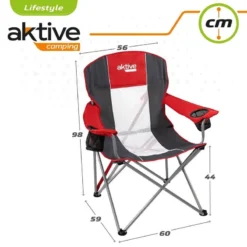 AKTIVE - Chaise De Camping XL Avec Porte-Gobelet -Camping Promotion Magasin aktive chaise de camping xl avec porte gobelet 5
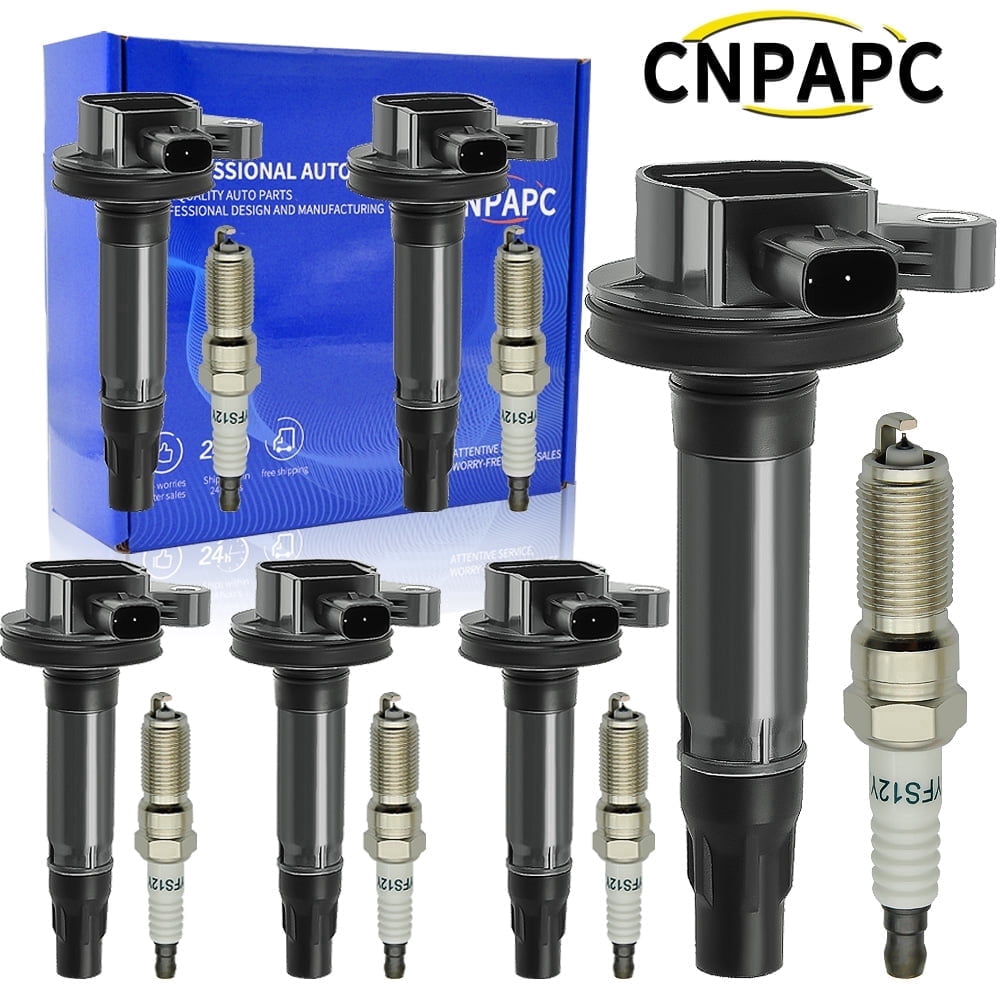 UF553 Set of 6 Ignition Coil & Iridium Spark Plugs for Ford Edge Taurus Flex Fusion Explorer F150 Mustang Sedan Lincoln C1595 DG520 UF595
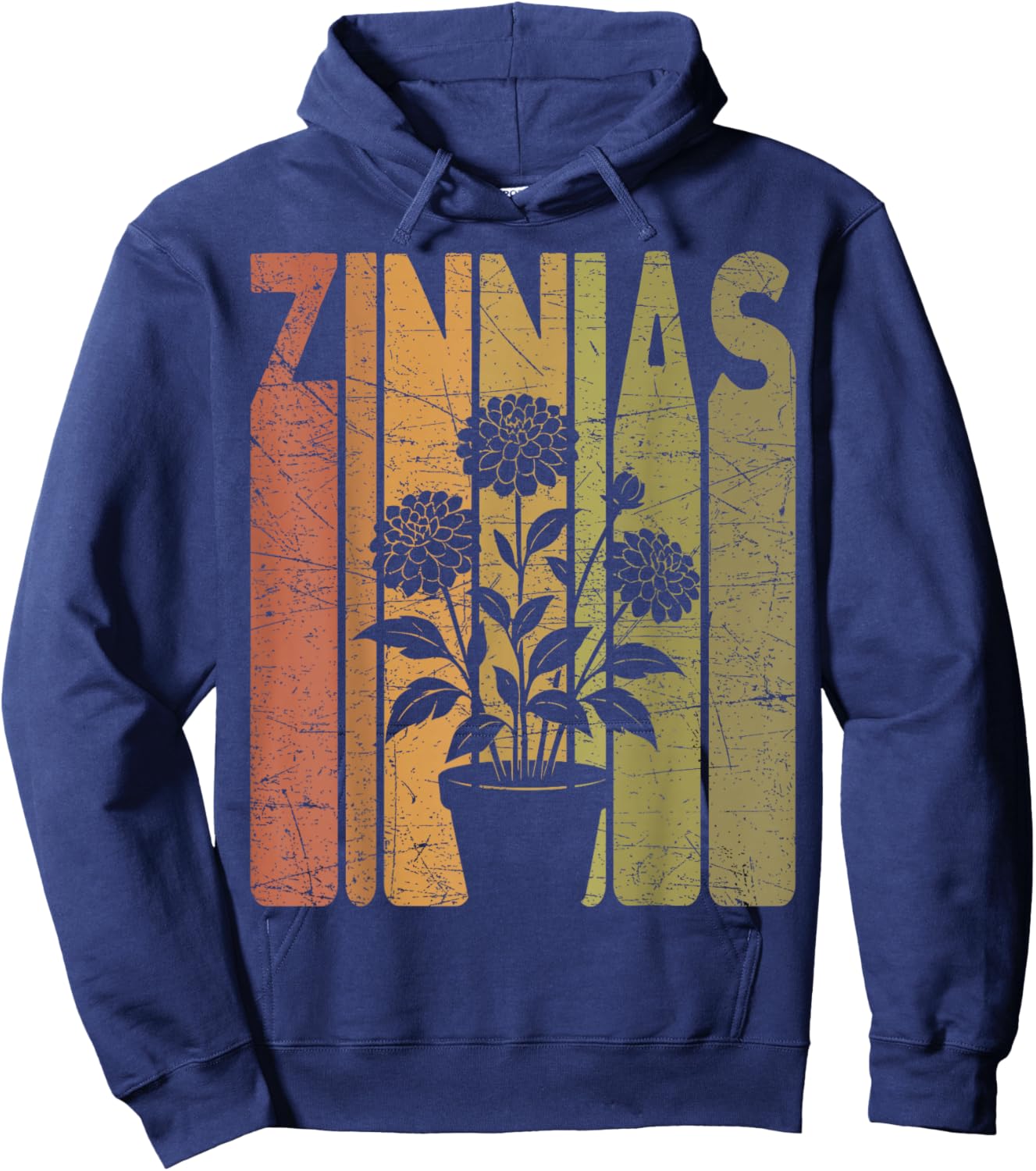 Zinnias Vintage Botanist Retro Zinnia Flower Gardening Hoodie - Hoodie | Navy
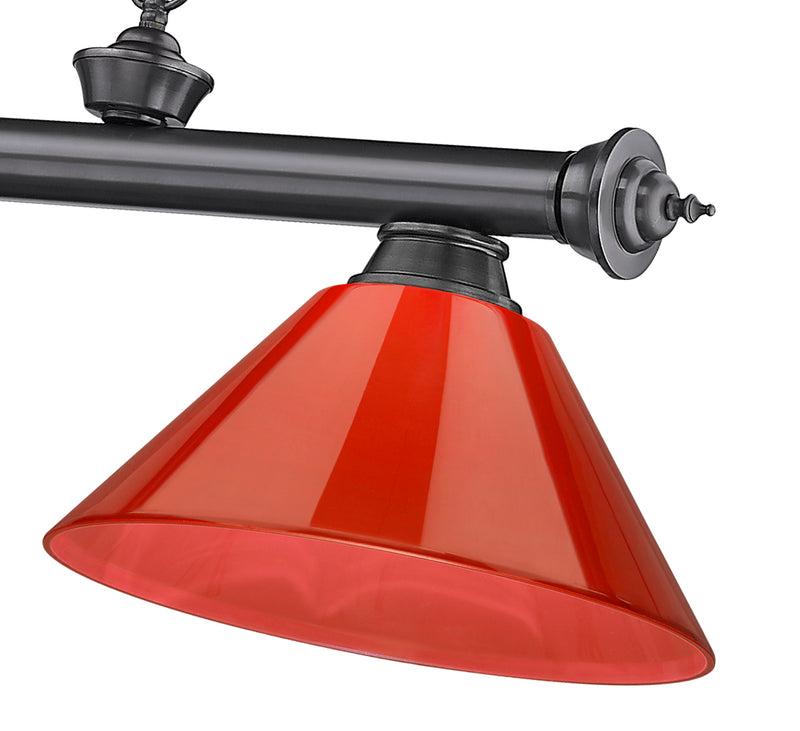 Cordon 3 Light 57.25" Billiard, Plastic Shades in Bronze Plate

- - - - -

> **What is required**: Could you restate exactly the lines from the line containing "UF553 Set of" through the end of the listing, both ends included and nothing else, leaving the images out?

> **Problem solution**:
 UF553 Set of 6 Ignition Coil & Iridium Spark Plugs for Ford Edge Taurus Flex Fusion Explorer F150 Mustang Sedan Lincoln C1595 DG520 UF595
 Zinnias Vintage Botanist Retro Zinnia Flower Gardening Hoodie - Hoodie | Navy
 Cordon 3 Light 57.25" Billiard, Plastic Shades in Bronze Plate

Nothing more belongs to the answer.